▶ [DATA EXTRACT]:
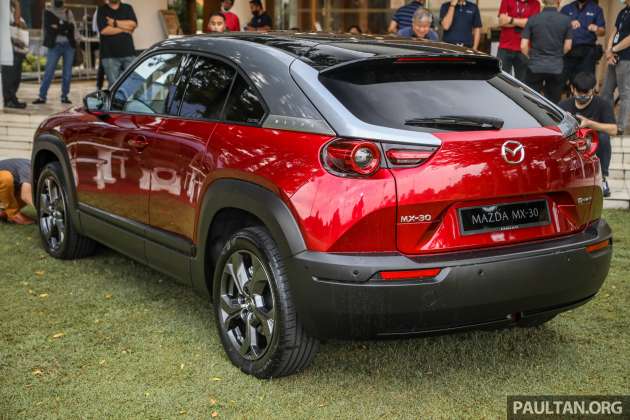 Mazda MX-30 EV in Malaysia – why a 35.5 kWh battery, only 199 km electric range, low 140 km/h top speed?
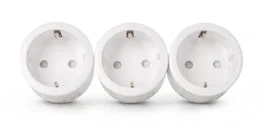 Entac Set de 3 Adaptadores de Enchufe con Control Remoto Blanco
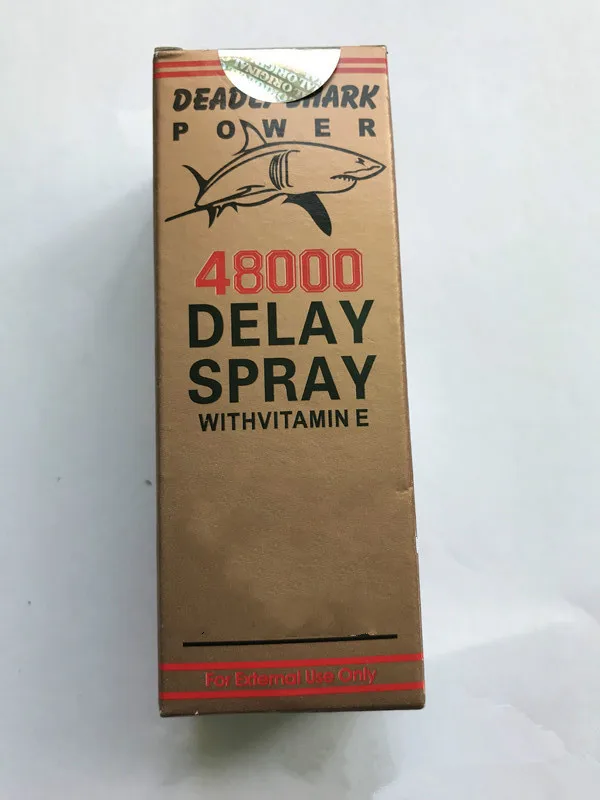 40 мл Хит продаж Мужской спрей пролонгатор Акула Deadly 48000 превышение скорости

▶ [TASK PROMPT]:
Repeat the material above in full and exactly, apart from the pictures.

▶ [EXERCISE SOLUTION]:
 Mazda MX-30 EV in Malaysia – why a 35.5 kWh battery, only 199 km electric range, low 140 km/h top speed?
 Entac Set de 3 Adaptadores de Enchufe con Control Remoto Blanco
 40 мл Хит продаж Мужской спрей пролонгатор Акула Deadly 48000 превышение скорости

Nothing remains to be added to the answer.